Data records:
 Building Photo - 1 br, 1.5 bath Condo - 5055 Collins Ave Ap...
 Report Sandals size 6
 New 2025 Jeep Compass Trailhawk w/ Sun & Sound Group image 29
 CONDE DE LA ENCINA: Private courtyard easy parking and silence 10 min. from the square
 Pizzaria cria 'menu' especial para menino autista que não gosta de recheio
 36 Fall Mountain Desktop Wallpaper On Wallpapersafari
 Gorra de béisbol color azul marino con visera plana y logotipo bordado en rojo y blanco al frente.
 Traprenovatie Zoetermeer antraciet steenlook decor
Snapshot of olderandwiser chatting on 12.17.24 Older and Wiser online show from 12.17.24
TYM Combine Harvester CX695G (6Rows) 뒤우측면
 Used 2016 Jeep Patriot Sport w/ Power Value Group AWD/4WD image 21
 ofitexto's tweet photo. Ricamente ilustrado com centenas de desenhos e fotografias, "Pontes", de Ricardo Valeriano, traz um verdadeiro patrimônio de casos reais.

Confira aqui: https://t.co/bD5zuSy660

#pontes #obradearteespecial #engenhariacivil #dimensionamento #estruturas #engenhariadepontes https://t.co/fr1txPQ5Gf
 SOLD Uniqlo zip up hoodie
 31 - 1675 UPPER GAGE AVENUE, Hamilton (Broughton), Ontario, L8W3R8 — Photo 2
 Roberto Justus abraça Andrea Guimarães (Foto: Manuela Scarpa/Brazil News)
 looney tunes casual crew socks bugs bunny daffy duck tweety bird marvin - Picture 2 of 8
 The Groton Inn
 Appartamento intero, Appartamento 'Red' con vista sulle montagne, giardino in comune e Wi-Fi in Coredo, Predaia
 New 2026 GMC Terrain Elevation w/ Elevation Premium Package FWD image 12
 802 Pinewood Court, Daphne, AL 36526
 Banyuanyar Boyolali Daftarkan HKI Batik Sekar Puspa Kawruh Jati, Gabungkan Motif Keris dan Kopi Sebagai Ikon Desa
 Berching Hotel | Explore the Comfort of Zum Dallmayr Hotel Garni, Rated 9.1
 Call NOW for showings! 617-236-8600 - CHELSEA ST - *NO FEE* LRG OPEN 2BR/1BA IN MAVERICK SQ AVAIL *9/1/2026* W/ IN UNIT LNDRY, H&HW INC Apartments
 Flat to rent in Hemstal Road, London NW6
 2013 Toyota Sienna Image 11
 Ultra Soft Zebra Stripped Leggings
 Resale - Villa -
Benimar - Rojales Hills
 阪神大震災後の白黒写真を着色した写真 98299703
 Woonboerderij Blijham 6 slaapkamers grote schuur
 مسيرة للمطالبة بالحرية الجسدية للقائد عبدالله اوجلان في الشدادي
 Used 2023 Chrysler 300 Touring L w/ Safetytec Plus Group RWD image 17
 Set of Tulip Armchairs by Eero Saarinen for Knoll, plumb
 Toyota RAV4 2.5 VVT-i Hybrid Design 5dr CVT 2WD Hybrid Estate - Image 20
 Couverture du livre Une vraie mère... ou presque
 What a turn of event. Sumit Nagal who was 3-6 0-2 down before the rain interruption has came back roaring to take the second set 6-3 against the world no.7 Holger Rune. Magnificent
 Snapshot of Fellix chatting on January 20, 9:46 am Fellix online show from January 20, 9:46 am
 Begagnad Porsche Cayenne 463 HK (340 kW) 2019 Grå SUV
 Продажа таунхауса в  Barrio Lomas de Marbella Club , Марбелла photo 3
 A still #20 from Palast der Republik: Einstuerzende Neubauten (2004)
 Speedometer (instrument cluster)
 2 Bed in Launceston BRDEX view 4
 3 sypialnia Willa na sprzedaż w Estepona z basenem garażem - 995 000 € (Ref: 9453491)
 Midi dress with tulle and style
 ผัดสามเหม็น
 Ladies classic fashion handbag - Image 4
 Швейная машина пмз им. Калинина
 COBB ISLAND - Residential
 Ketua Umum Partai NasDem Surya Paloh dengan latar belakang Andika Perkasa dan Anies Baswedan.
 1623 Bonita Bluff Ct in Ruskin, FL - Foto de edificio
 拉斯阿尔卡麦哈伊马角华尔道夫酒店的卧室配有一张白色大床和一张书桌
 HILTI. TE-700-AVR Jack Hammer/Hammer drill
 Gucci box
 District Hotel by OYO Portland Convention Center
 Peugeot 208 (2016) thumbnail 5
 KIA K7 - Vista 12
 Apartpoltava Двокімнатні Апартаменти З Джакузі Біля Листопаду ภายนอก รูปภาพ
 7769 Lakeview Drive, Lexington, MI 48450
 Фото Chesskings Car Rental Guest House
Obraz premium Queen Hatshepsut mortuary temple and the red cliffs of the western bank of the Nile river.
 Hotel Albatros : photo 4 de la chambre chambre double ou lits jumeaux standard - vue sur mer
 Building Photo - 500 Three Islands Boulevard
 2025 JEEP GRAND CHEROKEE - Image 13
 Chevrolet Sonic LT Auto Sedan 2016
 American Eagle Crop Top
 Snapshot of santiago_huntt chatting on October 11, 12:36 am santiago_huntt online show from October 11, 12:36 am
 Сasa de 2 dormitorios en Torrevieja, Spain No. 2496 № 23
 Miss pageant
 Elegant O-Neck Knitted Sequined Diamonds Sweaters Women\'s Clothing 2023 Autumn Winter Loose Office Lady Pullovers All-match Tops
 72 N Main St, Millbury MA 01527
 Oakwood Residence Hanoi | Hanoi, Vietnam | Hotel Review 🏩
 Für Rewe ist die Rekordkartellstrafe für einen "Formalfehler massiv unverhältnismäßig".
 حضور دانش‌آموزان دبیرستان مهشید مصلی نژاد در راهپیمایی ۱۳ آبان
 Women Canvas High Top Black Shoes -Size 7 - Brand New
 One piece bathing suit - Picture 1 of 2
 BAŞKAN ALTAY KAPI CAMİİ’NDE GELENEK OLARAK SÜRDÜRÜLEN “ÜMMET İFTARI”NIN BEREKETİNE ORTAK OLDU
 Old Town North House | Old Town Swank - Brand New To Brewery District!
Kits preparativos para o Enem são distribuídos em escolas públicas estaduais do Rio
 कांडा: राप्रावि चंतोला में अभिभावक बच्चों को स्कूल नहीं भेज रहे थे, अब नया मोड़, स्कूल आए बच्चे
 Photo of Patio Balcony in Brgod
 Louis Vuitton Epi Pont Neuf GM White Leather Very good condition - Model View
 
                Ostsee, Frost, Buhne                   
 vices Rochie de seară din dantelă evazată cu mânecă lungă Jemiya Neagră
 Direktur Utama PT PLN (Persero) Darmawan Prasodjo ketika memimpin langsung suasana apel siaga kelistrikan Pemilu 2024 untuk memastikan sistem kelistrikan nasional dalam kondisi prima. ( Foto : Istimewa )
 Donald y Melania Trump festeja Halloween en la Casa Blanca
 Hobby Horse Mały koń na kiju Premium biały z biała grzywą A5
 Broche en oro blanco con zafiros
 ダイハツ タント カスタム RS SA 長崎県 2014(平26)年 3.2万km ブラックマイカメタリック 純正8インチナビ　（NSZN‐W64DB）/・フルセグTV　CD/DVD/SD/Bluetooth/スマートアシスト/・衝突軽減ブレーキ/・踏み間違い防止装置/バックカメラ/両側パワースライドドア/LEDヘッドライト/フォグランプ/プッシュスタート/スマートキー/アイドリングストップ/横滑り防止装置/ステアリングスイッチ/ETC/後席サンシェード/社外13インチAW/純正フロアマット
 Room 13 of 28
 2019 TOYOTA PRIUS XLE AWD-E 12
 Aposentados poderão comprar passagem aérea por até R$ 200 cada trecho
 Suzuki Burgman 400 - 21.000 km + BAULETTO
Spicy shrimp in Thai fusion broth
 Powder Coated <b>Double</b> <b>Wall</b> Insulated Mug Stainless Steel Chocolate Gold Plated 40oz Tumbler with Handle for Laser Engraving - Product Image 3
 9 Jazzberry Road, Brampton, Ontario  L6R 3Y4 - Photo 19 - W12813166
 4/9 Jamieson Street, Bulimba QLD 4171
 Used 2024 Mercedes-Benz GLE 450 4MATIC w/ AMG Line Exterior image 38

■ **PROMPT**
The expected output is the exact run of lines from the start of the entries through the line with "Confira aqui: https://t.co/bD5zuSy660", inclusive.

■ **ANSWER BOX**
 Building Photo - 1 br, 1.5 bath Condo - 5055 Collins Ave Ap...
 Report Sandals size 6
 New 2025 Jeep Compass Trailhawk w/ Sun & Sound Group image 29
 CONDE DE LA ENCINA: Private courtyard easy parking and silence 10 min. from the square
 Pizzaria cria 'menu' especial para menino autista que não gosta de recheio
 36 Fall Mountain Desktop Wallpaper On Wallpapersafari
 Gorra de béisbol color azul marino con visera plana y logotipo bordado en rojo y blanco al frente.
 Traprenovatie Zoetermeer antraciet steenlook decor
Snapshot of olderandwiser chatting on 12.17.24 Older and Wiser online show from 12.17.24
TYM Combine Harvester CX695G (6Rows) 뒤우측면
 Used 2016 Jeep Patriot Sport w/ Power Value Group AWD/4WD image 21
 ofitexto's tweet photo. Ricamente ilustrado com centenas de desenhos e fotografias, "Pontes", de Ricardo Valeriano, traz um verdadeiro patrimônio de casos reais.

Confira aqui: https://t.co/bD5zuSy660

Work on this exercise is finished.